:: RAW DATA ::
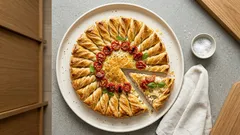 Slaný koláč ve tvaru sluníčka: listové těsto, kuře, sýr a pečená cherry rajčátka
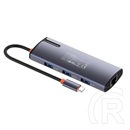 ColorWay CW-HUB03 USB-C dokkoló 6 az 1-ben (USB-C PD 100W, 3x USB 3.0, 1x USB 2.0, RJ45 Gigabit, sötétszürke)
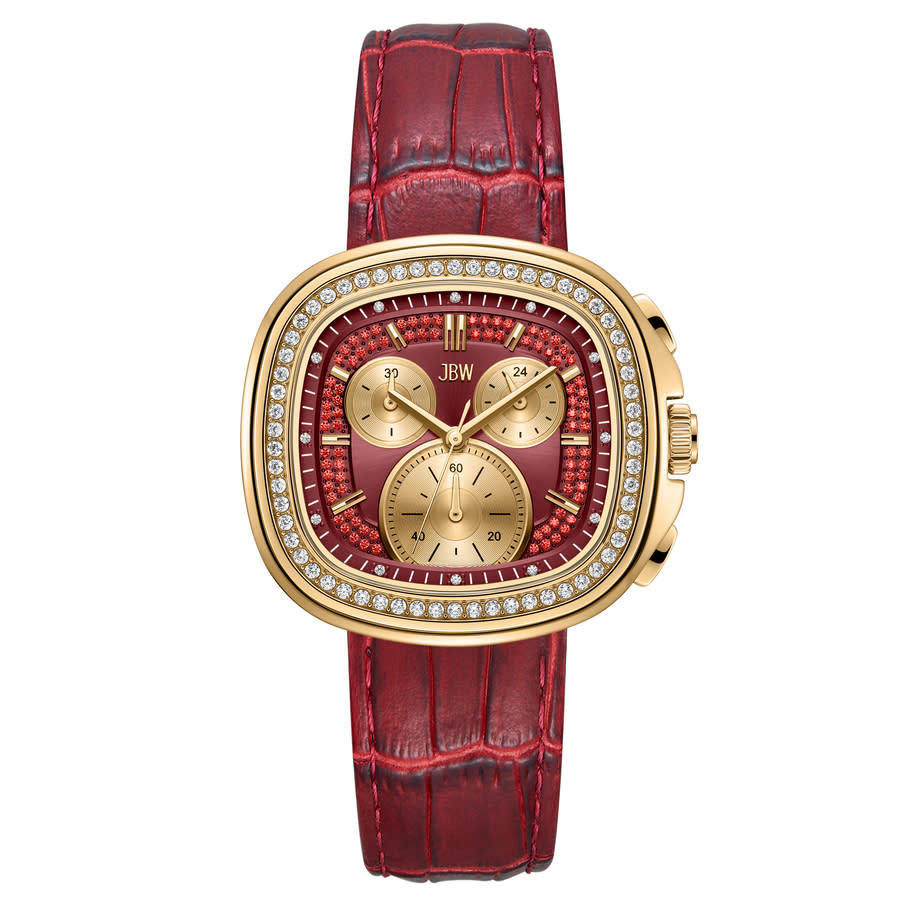 JBW Coast Leather Chronograph GMT Quartz Diamond Red Dial Mens Watch J6415C $276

:: EXERCISE AIM ::
With the pictures removed, return the full listing exactly as given.

:: RESULT ::
 Slaný koláč ve tvaru sluníčka: listové těsto, kuře, sýr a pečená cherry rajčátka
 ColorWay CW-HUB03 USB-C dokkoló 6 az 1-ben (USB-C PD 100W, 3x USB 3.0, 1x USB 2.0, RJ45 Gigabit, sötétszürke)
 JBW Coast Leather Chronograph GMT Quartz Diamond Red Dial Mens Watch J6415C $276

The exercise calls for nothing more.